今週も母の見守りのため、実家を訪れた。
到着すると、前回同様に機嫌は良い。
まずは夕飯の買い出しへ出かける。
機嫌がよかったこともあり、その日は入浴もしてくれた。
週の初めにデイサービスが来てくれていたが、その際は入浴していないと連絡を受けていた。本人に理由を聞くと「入りたくない」とのこと。

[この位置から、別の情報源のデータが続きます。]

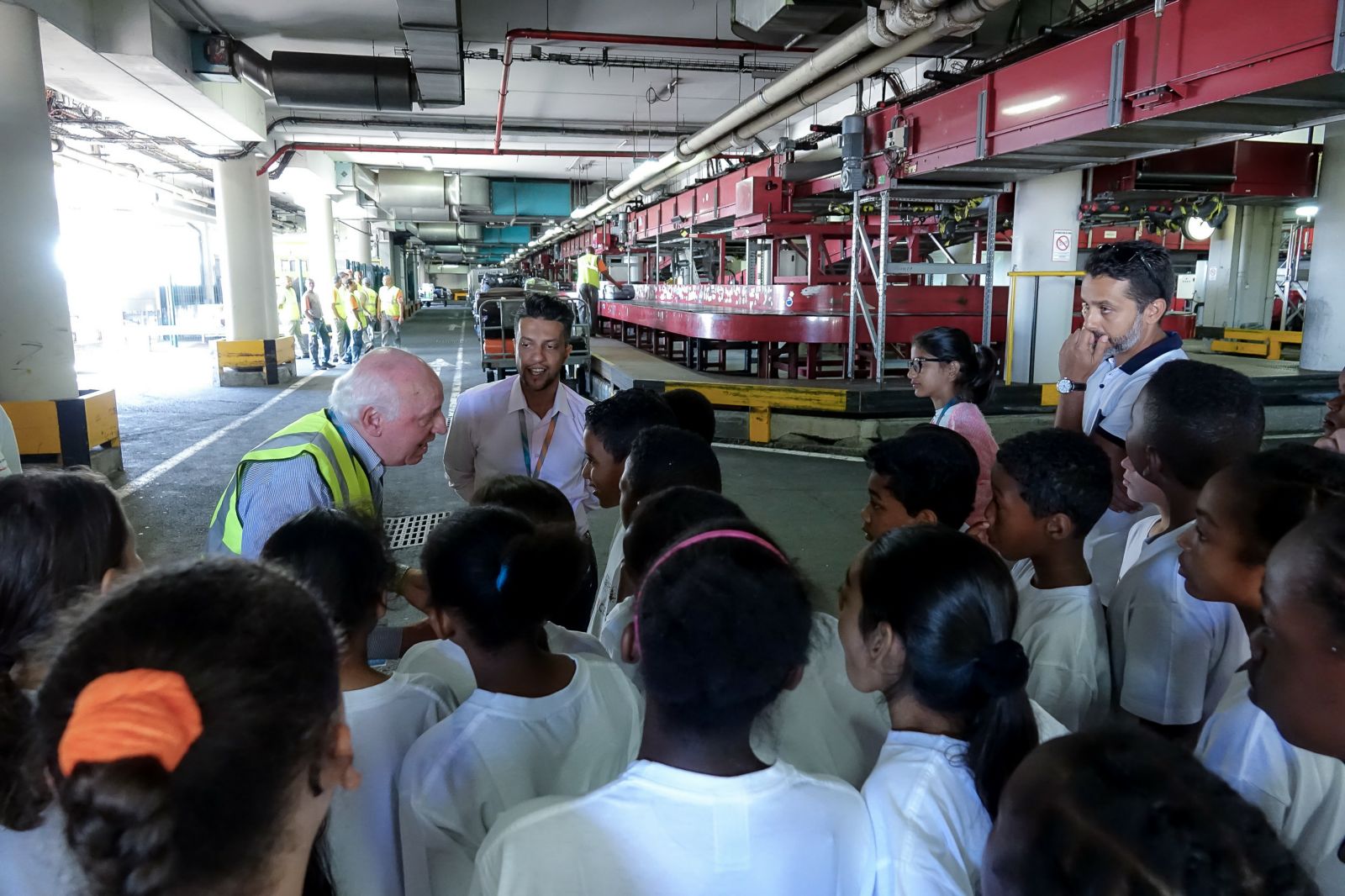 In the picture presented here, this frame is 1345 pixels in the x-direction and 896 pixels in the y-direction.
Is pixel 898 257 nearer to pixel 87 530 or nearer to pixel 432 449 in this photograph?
pixel 432 449

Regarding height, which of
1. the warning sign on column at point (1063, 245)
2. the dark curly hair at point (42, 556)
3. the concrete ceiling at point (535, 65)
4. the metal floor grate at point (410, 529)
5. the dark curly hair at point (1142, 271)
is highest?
the concrete ceiling at point (535, 65)

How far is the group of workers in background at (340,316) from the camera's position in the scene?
53.1 ft

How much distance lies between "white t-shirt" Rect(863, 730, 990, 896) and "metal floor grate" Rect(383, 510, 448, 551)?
14.3ft

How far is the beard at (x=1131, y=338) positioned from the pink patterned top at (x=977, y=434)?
546mm

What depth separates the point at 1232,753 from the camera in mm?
1352

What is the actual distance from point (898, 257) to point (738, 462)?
8.33 metres

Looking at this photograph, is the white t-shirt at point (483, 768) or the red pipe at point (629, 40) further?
the red pipe at point (629, 40)

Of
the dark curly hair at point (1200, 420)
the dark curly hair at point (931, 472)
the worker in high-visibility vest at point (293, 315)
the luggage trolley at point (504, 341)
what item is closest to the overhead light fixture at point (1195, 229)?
the luggage trolley at point (504, 341)

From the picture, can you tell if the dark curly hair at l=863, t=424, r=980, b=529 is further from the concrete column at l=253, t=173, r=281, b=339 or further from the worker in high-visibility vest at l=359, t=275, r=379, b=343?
the worker in high-visibility vest at l=359, t=275, r=379, b=343

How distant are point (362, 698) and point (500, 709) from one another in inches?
11.0

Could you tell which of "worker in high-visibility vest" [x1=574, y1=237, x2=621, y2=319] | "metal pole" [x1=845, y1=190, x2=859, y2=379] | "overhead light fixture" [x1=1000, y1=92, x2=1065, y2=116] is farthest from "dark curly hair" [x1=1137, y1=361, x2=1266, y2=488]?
"worker in high-visibility vest" [x1=574, y1=237, x2=621, y2=319]

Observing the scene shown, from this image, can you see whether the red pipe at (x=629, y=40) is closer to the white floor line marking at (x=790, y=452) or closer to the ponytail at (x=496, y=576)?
the white floor line marking at (x=790, y=452)

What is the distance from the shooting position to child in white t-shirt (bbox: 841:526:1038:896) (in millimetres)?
1246

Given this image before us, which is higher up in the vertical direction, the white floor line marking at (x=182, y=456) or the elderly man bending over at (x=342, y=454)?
the elderly man bending over at (x=342, y=454)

けれど、いざ入ってしまえば「気持ちよかった」と嬉しそうに話す。
毎回、この繰り返しだ。
翌日は一緒に墓参りへ。
これもとても喜んでいた。表情が穏やかになる瞬間を見ると、連れてきてよかったと思う。
最近の心配事
気がかりなのは、友達が減っていくこと。
高齢だから仕方のない部分もある。
しかし、自ら人付き合いを拒んでいる面も否めない。
「老人会にはいじめる人がいる」
「デイサービスはもう来てもらわなくていい」
そんな言葉が増えてきた。
デイサービスの日程を変更したことも覚えておらず、「勝手に変えられると困る」と不満をぶつけたようだ。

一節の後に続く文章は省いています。